RECORDS PROVIDED:
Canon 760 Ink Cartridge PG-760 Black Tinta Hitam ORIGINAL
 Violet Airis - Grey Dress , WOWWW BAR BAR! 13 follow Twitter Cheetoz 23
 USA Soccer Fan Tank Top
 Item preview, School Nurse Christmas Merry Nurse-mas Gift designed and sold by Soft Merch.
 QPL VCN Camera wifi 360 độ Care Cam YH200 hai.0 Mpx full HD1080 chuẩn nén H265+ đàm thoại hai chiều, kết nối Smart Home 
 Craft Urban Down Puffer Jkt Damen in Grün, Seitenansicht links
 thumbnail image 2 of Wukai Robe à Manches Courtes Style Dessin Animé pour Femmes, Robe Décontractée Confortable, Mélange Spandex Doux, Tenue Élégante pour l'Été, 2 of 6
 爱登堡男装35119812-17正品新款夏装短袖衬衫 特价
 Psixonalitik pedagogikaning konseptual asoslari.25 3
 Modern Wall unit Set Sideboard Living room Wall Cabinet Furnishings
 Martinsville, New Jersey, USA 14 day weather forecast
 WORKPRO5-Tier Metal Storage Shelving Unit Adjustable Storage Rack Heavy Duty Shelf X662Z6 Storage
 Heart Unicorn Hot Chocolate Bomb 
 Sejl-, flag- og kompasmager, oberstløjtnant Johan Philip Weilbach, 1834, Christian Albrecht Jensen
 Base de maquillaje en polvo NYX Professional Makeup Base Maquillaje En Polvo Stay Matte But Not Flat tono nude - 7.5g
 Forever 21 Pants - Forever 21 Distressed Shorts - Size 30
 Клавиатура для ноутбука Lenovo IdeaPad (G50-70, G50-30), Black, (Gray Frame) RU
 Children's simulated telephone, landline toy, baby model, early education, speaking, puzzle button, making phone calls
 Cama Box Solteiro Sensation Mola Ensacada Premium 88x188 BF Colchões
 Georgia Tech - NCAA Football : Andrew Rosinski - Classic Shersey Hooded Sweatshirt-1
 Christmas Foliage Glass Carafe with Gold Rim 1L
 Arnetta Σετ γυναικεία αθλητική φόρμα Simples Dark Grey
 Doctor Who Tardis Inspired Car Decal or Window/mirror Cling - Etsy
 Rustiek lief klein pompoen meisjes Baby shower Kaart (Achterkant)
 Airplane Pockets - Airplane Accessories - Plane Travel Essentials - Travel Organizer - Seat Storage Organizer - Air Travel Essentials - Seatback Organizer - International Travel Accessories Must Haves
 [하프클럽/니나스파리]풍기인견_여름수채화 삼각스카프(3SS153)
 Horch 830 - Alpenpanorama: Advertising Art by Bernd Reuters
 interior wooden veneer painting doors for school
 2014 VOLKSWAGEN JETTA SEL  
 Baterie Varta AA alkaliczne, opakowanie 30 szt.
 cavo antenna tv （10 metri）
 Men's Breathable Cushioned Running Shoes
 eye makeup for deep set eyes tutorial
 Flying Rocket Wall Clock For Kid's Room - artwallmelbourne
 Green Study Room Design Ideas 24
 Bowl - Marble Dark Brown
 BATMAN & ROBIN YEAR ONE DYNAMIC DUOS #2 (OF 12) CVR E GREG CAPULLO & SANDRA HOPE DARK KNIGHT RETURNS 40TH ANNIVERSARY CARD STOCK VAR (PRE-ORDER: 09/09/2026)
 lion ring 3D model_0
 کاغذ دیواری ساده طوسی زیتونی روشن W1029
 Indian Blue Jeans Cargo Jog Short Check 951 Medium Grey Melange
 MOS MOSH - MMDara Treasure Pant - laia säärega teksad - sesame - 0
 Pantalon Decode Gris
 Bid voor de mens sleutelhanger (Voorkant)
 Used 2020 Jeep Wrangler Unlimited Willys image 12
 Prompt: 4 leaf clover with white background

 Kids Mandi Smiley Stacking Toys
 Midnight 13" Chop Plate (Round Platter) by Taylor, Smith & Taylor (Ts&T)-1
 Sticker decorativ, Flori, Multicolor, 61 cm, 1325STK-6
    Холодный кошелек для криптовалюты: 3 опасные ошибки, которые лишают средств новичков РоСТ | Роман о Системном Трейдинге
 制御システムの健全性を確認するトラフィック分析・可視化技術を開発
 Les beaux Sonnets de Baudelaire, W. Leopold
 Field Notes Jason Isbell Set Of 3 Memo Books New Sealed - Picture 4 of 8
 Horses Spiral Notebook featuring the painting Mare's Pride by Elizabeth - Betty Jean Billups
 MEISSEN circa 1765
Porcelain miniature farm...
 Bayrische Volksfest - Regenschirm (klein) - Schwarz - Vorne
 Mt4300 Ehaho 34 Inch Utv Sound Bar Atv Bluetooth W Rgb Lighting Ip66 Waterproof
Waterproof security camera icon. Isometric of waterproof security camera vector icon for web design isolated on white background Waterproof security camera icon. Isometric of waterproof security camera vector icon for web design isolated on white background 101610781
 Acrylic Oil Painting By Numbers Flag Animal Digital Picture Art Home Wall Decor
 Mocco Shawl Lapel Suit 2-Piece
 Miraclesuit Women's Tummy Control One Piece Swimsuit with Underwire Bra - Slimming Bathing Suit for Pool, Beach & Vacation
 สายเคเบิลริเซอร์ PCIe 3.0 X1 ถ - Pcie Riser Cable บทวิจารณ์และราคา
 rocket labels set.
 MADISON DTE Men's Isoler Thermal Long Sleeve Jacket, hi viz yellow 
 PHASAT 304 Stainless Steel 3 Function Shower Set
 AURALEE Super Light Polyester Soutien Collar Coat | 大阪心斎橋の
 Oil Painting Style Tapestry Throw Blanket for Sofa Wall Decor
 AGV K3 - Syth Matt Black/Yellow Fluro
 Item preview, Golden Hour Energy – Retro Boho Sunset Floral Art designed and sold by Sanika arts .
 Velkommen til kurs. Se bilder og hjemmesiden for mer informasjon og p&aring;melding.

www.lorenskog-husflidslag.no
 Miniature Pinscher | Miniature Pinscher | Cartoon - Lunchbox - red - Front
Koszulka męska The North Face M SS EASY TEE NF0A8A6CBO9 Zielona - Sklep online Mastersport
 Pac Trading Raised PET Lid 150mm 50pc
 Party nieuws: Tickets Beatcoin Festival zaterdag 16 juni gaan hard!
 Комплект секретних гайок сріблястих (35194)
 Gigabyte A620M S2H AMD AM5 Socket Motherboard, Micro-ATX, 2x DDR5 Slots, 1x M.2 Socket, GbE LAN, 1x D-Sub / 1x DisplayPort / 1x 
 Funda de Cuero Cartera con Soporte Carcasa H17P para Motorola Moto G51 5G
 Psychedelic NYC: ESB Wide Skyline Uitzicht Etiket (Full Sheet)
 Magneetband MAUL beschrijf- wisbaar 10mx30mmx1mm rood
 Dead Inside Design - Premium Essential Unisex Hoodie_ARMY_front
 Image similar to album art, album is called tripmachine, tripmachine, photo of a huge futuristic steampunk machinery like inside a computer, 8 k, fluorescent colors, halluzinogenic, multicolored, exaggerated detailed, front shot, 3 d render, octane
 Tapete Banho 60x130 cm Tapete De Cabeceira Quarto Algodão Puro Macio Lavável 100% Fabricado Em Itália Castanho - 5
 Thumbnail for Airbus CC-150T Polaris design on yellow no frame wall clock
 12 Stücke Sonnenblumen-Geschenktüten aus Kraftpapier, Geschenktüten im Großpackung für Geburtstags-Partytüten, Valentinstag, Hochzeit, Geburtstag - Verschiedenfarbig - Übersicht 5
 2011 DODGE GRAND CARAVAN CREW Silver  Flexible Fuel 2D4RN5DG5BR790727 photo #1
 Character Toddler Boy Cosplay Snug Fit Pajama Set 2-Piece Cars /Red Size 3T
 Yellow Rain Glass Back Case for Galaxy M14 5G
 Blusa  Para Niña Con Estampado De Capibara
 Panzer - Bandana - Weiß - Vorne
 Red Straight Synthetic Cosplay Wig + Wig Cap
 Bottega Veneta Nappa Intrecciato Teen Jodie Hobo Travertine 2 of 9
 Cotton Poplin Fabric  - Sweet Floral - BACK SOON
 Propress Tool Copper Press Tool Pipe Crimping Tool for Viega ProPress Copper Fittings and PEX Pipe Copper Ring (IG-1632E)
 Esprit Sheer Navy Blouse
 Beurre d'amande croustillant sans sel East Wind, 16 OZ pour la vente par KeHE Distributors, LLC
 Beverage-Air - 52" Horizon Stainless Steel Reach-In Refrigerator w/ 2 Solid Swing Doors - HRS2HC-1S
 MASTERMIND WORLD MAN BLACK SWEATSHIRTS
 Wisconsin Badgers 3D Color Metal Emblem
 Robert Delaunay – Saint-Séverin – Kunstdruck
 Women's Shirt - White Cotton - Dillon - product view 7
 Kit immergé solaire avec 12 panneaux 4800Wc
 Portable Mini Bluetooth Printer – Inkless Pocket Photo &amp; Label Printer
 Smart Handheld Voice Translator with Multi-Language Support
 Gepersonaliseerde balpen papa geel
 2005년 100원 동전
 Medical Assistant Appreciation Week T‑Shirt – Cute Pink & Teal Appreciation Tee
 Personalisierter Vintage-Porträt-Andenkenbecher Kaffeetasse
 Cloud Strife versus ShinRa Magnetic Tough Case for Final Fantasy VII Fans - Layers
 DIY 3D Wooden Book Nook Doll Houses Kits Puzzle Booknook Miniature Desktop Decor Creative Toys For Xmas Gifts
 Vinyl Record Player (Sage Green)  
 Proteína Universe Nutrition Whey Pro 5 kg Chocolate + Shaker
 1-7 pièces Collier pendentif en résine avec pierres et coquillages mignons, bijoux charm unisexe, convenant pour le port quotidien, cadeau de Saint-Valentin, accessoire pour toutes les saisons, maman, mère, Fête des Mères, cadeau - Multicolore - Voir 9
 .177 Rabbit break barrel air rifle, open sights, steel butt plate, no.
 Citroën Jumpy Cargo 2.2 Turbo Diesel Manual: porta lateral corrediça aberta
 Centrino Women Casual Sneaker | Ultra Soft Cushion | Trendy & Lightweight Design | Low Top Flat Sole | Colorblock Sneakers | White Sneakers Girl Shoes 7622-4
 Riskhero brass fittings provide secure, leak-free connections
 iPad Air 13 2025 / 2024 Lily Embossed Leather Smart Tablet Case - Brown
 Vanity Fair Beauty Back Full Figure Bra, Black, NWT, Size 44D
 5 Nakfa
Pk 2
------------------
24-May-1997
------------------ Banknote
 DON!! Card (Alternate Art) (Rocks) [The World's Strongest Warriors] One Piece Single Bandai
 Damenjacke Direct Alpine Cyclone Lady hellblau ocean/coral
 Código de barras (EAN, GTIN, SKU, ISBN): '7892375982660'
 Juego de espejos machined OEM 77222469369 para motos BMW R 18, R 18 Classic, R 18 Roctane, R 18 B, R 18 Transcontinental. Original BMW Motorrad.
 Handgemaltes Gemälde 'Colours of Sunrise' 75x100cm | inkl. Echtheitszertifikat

WORK INSTRUCTIONS: In the entries above, some lines hold the string "Item". Copy each of them.

ANSWER BOX:
 Item preview, School Nurse Christmas Merry Nurse-mas Gift designed and sold by Soft Merch.
 Item preview, Golden Hour Energy – Retro Boho Sunset Floral Art designed and sold by Sanika arts .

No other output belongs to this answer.